Boston-based burger blogger, chef, recipe developer and cookbook author Richard Chudy is one of our culinary heroes. His impressive mastery of all things fried, cheesy and dippable has expanded to his brand-new book, American Burger Revival: Brazen Recipes to Electrify a Timeless ClassicCowritten with chef-author Samuel Monsour, winner of Boston Magazine’s “Best Burger” award, American Burger Revival is a collection of recipes, stories, techniques and crucial information for inspiring and building the greatest burger you could ever dream up. You’re going to need a really good bun. 

This is our version of the classic hamburger bun. To amplify that textbook yeastiness and airiness, we add quality beer and milk. We took that ho-hum bun from our earliest burger memories and raised the bar.

Looking for a perfect custom burger blend for that? The Revival guys have you covered.

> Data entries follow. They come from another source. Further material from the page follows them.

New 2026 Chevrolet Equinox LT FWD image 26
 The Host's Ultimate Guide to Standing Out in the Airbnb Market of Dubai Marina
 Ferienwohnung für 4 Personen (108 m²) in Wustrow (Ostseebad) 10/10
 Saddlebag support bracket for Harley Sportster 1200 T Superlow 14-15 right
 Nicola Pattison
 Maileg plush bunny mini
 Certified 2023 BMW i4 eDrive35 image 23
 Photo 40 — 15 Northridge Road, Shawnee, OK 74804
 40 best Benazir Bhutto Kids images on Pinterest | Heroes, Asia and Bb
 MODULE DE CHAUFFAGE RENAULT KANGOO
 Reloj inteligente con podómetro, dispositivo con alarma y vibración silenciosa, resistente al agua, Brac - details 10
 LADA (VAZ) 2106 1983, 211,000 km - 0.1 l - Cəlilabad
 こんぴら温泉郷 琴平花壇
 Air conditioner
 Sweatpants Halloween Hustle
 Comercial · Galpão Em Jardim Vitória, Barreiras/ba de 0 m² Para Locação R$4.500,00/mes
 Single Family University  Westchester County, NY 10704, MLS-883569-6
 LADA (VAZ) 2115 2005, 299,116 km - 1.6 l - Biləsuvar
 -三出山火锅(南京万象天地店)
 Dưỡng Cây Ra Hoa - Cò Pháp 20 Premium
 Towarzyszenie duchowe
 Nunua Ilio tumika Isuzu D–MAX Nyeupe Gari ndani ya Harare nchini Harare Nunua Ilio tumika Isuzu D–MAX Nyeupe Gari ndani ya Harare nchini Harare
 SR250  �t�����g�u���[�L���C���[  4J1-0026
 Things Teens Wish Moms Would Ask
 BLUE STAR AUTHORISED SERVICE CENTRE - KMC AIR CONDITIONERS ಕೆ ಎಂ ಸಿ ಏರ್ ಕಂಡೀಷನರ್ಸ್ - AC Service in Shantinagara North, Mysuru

Reprinted with permission from American Burger Revival


  • 2 1/2 teaspoons active dry yeast
  • 2 teaspoons granulated sugar
  • 1/3 cup warm water (100-110°F)
  • 4 ounces IPA beer, preferably Harpoon IPA
  • 3 eggs (1 beaten with a form in a small bowl)
  • 1 1/2 teaspoons kosher salt
  • 4 tablespoons unsalted butter, melted
  • 1/2 cup buttermilk
  • 3 1/2 to 5 cups all-purpose flour
  • 1 tablespoon olive oil
  • 1/4 cup sesame seeds


  1. Combine yeast, sugar, and water in a small bowl. Stir gently and allow the yeast to activate, about 5 minutes. You’ll know it’s ready when the yeast is foamy.
  2. In a stand mixer with the dough hook attachment, add the yeast mixture, beer, 2 eggs, salt and melted butter. Mix on low for 1 to 2 minutes. Add the milk and mix to combine.
  3. Begin adding the flour 1 cup at a time, mixing on low to incorporate. Once you’ve added 3 cups of flour, increase the speed to medium-low and let the machine run for a minute.
  4. Stop the machine and touch the dough. If it is very sticky and wet, add more flour, ¼ cup at a time, and continue mixing for another minute. Continue in this fashion. Once the dough no longer feels wet, mix on medium until it is smooth and shiny, about 3 to 5 minutes.
  5. Lightly brush a large mixing bowl with olive oil. Add the dough to the bowl and turn to coat. Cover with a towel or plastic wrap and let it rise in a warm spot until doubled in size, about 1 hour. Meanwhile, preheat the oven to 400˚F.
  6. Once dough has doubled in size, turn out onto a large, lightly floured surface, and divide into 12 pieces for smaller burgers or 8 pieces for larger burgers. Cover with a clean towel.
  7. Working with 1 piece at a time (and keeping the remaining pieces covered until ready to use), shape the dough into discs. Place the discs onto a large baking sheet lined with parchment paper and repeat with the remaining dough. Don’t crowd the buns on the baking sheet; use multiple baking sheets if necessary.
  8. Cover the buns and place them in a warm spot (right by the preheated oven will do the trick). Allow them to proof and rise a second time until doubled in size, about 15 to 20 minutes.
  9. Brush each piece of dough with the beaten egg and sprinkle sesame seeds on top. Bake in the oven for about 10 to 12 minutes if making smaller buns (14 to 16 minutes if making larger buns), rotating the pan halfway through, until buns are golden brown and internal temperature has reached 200˚F on an instant-read thermometer.
  10. Cool slightly before slicing in half.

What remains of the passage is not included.